Thursday, June 02, 2011
JB. You've done it again
Despite the changin' times, there are some things in life which have, at one time or another, been so much an enjoyable part of who I am, that even if I don't do them as often nowadays as I might like, they still make me feel fantastic, as soon as I embark upon them.
Case in point; I really love a visit to JB HI-FI. Sure, I might only drop-by once a year these days (instead of at least once a week, as of yore), and sure, the majority of the titles in the CD racks (not to mention some of the CD rack categories) are completely foreign to me, but still, the sense of excitement and anticipation I get when I step across the electronic sensors into that world of yellow, plastic sticky tape just gets my consumer juices going.
While I was only really ever into the CDs side of things at JB, I know there's always been something for everyone there; music DVDs, TV and movie DVDs, hi-fi systems, TVs ... and now a pretty comprehensive range of computers and i-pads – these latter items not really being my bag, but the fact that they are the bag for so many others merely adds to my enjoyment of the place.
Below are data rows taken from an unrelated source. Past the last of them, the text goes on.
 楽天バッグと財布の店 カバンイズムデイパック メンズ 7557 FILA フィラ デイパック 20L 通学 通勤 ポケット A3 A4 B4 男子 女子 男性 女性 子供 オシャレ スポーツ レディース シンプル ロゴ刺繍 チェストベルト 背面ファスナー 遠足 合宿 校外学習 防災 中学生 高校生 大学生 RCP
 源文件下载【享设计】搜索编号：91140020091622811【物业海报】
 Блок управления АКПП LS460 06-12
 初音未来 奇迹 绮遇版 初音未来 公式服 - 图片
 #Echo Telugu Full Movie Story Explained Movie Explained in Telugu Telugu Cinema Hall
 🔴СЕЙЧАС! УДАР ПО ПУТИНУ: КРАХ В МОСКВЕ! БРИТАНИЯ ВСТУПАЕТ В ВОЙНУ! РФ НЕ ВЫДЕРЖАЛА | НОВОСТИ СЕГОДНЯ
But there's something I need to make very clear from the outset, given my observations from today's visit to JB Hi-FI. While I love/d spending hours and shit-loads of cash on the acquisition of eclectic music from their copious range of fine reggae, dub and alternative rock, and while I even occasionally wandered through their DVDs and hi-fi equipment for a bit of a poke and a giggle, I never once lost sight of the fact that everything in that store was comprised of items that I may WANT, but never constituted anything that I, nor any other member of humanity could ever honestly believe they might actually NEED.
So today, as I was wandering through and having to chase Hambones along isles that I never really knew existed (who knew JB sold turntables, or "decks" as I believe the young folk call them?), I eventually found him after a few, heart-stopping moments of lost contact, in front of a massive array of flat-screen TVs (or should that read, "...an array of massive flat screen TVs"?). As Hambones proceeded to place is grubby mitts over every one of those impossibly large, shiny screens, one couldn't help but be blown away by their amazing colours and picture clarity. To enhance this, as these places often do, they had a DVD playing on every one of the thousands of screens, flying you over Antarctica in a balance-altering helicopter one minute, or riding across the African savannah on an abdomen-jolting elephant the next.
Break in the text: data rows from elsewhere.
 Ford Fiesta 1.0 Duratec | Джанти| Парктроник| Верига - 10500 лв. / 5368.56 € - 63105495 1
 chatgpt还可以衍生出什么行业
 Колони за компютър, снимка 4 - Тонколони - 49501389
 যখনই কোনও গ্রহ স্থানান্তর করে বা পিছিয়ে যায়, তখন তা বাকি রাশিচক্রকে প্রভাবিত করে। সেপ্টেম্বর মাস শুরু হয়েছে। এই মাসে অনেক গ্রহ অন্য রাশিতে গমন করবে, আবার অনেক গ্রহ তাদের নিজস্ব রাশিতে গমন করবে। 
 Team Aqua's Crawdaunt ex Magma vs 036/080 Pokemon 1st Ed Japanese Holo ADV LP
As I struggled to pry Hambones' vegemite-smeared paws off an IMAX-sized screen before I got caught by one of the black-clad Easter Island statues which moonlight as JB security staff, I noticed that each of these amazing images were punctuated with writing over a blank screen, which on further investigation, constituted facts and messages about environmental degradation and conservation, climate change, population explosion and other determinants of the health of our dying planet, and I gotta say, it really stuck in my craw.
Here I was, surrounded by walls of massive, shiny, black, plastic, electronic devices, any one of which would probably feed a whole family for a year amongst two-thirds of the world's population; basically the epitome of consumer-driven greed and superfluous acquisition, and they were using messages of peace, conservation and global socialism to sell them. Surely someone was taking the piss? I might have thought so, if the footage between each message wasn't so brilliantly drawing my two-year old son under its spell, not to mention a number of others who may have had more years under their belts, but seemingly equivalent intellect.
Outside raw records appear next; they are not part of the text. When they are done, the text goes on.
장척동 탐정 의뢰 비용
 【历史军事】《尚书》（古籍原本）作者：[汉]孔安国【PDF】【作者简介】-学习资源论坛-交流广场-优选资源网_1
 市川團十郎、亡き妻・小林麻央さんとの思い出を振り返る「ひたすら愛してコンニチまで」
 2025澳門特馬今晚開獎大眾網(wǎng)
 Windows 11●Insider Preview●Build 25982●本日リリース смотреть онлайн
I get it ... we've gone too far. While on the one hand, the screaming, talk-back radio listening mobs of Western Sydney Aussie Battlers surviving on the poverty line are leading a national outrage directed at a government which, simply because there seems to be just no other way to tackle the urgent global crisis of climate change, is threatening to "tax us within an inch of our incomes", on the other, everyone still seems to have enough disposable income to purchase a television which is so large that one needs to knock out a wall to get it into their living room. We're so sick, twisted and confused with our own wealth and greed, that even messages of reduce, recycle and reuse, punctuating breathtaking imagery of what we'll lose if we don't, actually spurs us on to consume more. Get me outta here!